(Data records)

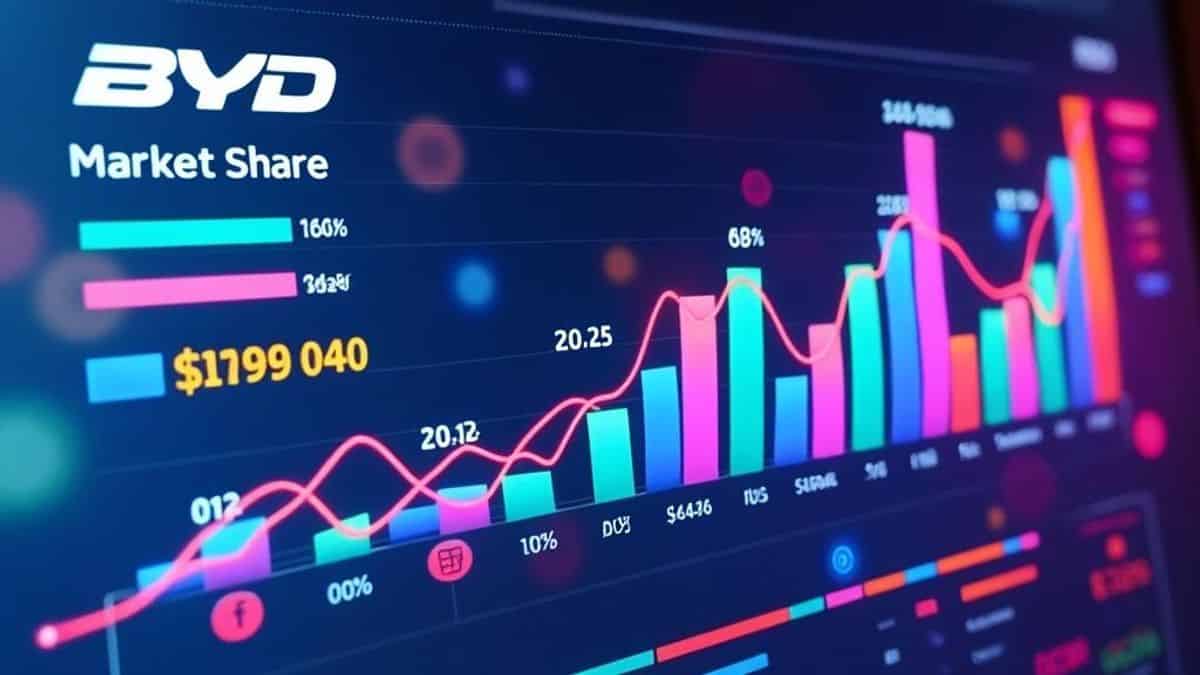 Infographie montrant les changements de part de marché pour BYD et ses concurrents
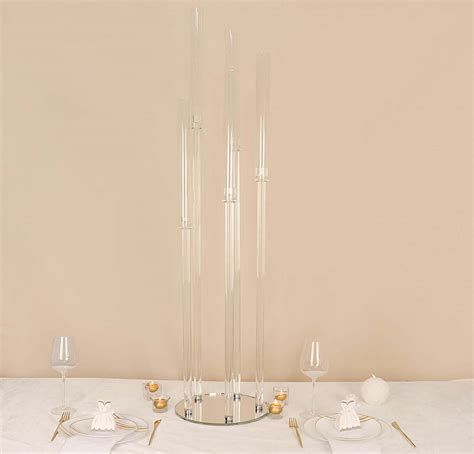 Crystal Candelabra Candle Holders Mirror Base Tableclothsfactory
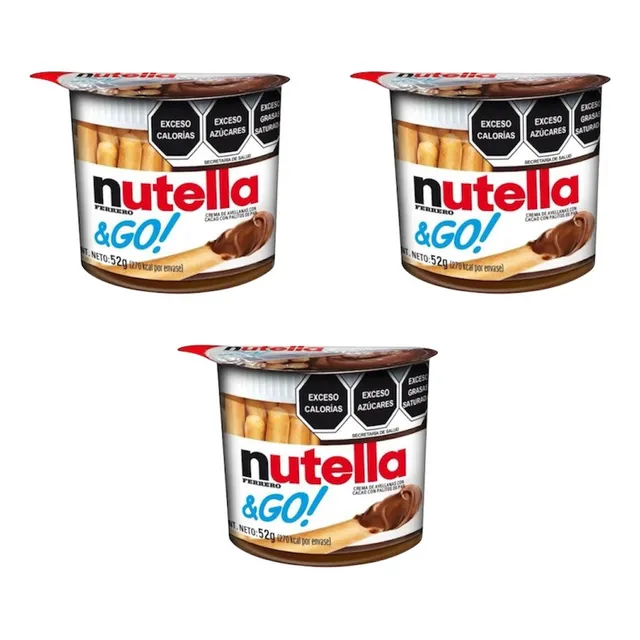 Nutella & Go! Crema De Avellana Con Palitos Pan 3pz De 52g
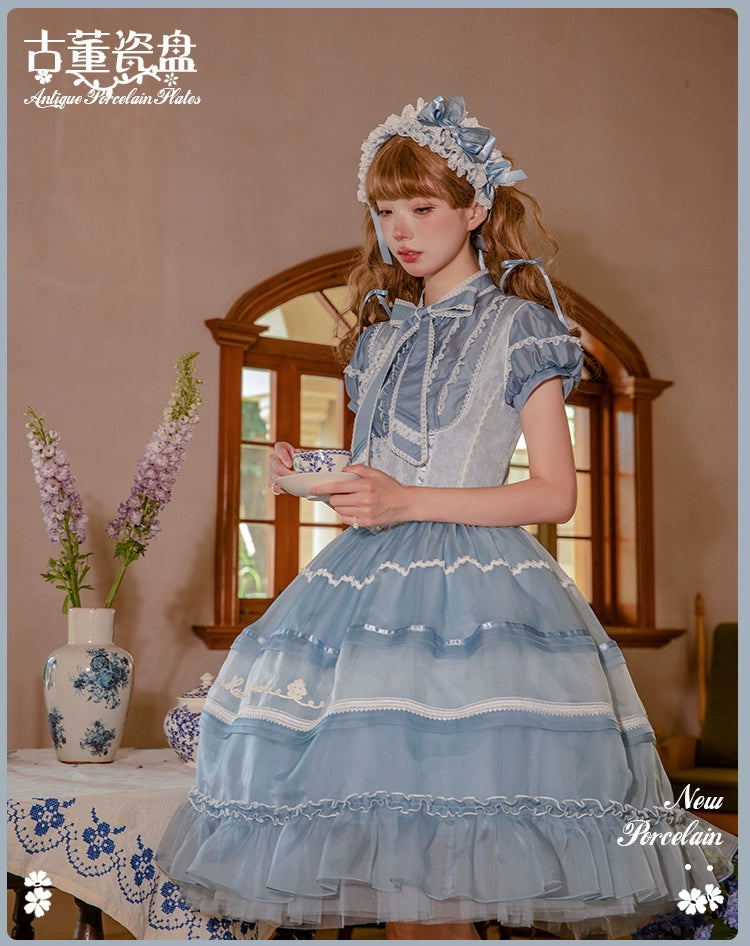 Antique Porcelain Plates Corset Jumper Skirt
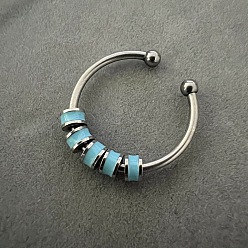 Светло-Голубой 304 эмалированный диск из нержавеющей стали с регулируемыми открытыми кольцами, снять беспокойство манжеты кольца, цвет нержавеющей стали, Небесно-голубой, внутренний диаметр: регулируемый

What you should do: Write out exactly, and only, the lines running from the line with "Nutella & Go!" to the last line above, both included, with all pictures omitted.

Answer for the task:
 Nutella & Go! Crema De Avellana Con Palitos Pan 3pz De 52g
 Antique Porcelain Plates Corset Jumper Skirt
 Светло-Голубой 304 эмалированный диск из нержавеющей стали с регулируемыми открытыми кольцами, снять беспокойство манжеты кольца, цвет нержавеющей стали, Небесно-голубой, внутренний диаметр: регулируемый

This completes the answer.